_Dataset content_:
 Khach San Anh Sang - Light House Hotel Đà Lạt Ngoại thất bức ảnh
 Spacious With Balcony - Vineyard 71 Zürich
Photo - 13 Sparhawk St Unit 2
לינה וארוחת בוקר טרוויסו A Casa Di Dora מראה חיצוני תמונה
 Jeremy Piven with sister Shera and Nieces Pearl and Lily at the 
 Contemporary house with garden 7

---

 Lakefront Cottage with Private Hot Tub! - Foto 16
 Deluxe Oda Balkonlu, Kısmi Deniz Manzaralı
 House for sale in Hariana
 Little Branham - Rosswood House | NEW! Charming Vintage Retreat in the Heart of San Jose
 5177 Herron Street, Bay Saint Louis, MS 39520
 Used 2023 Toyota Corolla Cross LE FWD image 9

_Task goal_:
Your answer should be the lines above, from the line containing "5177 Herron Street, Bay" up to and including the line containing "Used 2023 Toyota", reproduced exactly and with nothing else.

_Output of the exercise_:
 5177 Herron Street, Bay Saint Louis, MS 39520
 Used 2023 Toyota Corolla Cross LE FWD image 9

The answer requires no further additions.